Take the data below and copy exactly the lines starting at the one with "Форель, запеченная с" and finishing at the one with "Additional image 6", both included.

── WORKING DATA

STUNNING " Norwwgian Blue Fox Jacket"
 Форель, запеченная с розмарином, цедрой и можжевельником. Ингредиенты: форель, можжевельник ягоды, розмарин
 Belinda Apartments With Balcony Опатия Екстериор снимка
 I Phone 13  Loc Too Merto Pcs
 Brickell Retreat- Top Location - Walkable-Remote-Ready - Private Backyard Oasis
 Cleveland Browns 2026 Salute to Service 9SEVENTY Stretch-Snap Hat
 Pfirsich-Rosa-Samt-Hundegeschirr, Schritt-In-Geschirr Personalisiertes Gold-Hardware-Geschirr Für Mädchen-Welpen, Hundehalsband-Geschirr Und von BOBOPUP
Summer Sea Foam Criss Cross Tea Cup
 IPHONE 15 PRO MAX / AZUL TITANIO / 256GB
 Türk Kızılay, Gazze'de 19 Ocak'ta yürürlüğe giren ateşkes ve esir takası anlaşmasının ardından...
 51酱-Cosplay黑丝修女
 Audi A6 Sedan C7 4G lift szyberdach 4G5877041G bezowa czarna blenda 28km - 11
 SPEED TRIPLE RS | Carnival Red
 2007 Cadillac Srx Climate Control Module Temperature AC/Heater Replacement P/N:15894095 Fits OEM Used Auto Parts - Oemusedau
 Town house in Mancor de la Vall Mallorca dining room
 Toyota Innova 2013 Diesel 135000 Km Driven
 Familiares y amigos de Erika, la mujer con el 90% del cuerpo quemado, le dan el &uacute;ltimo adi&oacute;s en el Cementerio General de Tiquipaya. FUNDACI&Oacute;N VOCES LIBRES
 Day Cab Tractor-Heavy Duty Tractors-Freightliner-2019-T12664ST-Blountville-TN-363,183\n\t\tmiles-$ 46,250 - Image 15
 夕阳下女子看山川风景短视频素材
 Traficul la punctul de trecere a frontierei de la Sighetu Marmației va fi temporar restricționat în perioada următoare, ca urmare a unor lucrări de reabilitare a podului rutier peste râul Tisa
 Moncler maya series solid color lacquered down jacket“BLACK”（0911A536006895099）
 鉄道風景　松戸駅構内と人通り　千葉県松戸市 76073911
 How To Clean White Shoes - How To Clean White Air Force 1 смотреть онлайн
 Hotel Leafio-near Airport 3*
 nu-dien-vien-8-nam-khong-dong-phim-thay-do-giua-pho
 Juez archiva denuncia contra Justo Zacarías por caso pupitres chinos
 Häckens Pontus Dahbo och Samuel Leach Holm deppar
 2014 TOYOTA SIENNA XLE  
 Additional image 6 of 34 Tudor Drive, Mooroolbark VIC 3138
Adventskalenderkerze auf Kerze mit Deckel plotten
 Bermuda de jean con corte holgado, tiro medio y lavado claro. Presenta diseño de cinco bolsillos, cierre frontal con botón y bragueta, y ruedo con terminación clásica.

────

_TASK RESULT_
 Форель, запеченная с розмарином, цедрой и можжевельником. Ингредиенты: форель, можжевельник ягоды, розмарин
 Belinda Apartments With Balcony Опатия Екстериор снимка
 I Phone 13  Loc Too Merto Pcs
 Brickell Retreat- Top Location - Walkable-Remote-Ready - Private Backyard Oasis
 Cleveland Browns 2026 Salute to Service 9SEVENTY Stretch-Snap Hat
 Pfirsich-Rosa-Samt-Hundegeschirr, Schritt-In-Geschirr Personalisiertes Gold-Hardware-Geschirr Für Mädchen-Welpen, Hundehalsband-Geschirr Und von BOBOPUP
Summer Sea Foam Criss Cross Tea Cup
 IPHONE 15 PRO MAX / AZUL TITANIO / 256GB
 Türk Kızılay, Gazze'de 19 Ocak'ta yürürlüğe giren ateşkes ve esir takası anlaşmasının ardından...
 51酱-Cosplay黑丝修女
 Audi A6 Sedan C7 4G lift szyberdach 4G5877041G bezowa czarna blenda 28km - 11
 SPEED TRIPLE RS | Carnival Red
 2007 Cadillac Srx Climate Control Module Temperature AC/Heater Replacement P/N:15894095 Fits OEM Used Auto Parts - Oemusedau
 Town house in Mancor de la Vall Mallorca dining room
 Toyota Innova 2013 Diesel 135000 Km Driven
 Familiares y amigos de Erika, la mujer con el 90% del cuerpo quemado, le dan el &uacute;ltimo adi&oacute;s en el Cementerio General de Tiquipaya. FUNDACI&Oacute;N VOCES LIBRES
 Day Cab Tractor-Heavy Duty Tractors-Freightliner-2019-T12664ST-Blountville-TN-363,183\n\t\tmiles-$ 46,250 - Image 15
 夕阳下女子看山川风景短视频素材
 Traficul la punctul de trecere a frontierei de la Sighetu Marmației va fi temporar restricționat în perioada următoare, ca urmare a unor lucrări de reabilitare a podului rutier peste râul Tisa
 Moncler maya series solid color lacquered down jacket“BLACK”（0911A536006895099）
 鉄道風景　松戸駅構内と人通り　千葉県松戸市 76073911
 How To Clean White Shoes - How To Clean White Air Force 1 смотреть онлайн
 Hotel Leafio-near Airport 3*
 nu-dien-vien-8-nam-khong-dong-phim-thay-do-giua-pho
 Juez archiva denuncia contra Justo Zacarías por caso pupitres chinos
 Häckens Pontus Dahbo och Samuel Leach Holm deppar
 2014 TOYOTA SIENNA XLE  
 Additional image 6 of 34 Tudor Drive, Mooroolbark VIC 3138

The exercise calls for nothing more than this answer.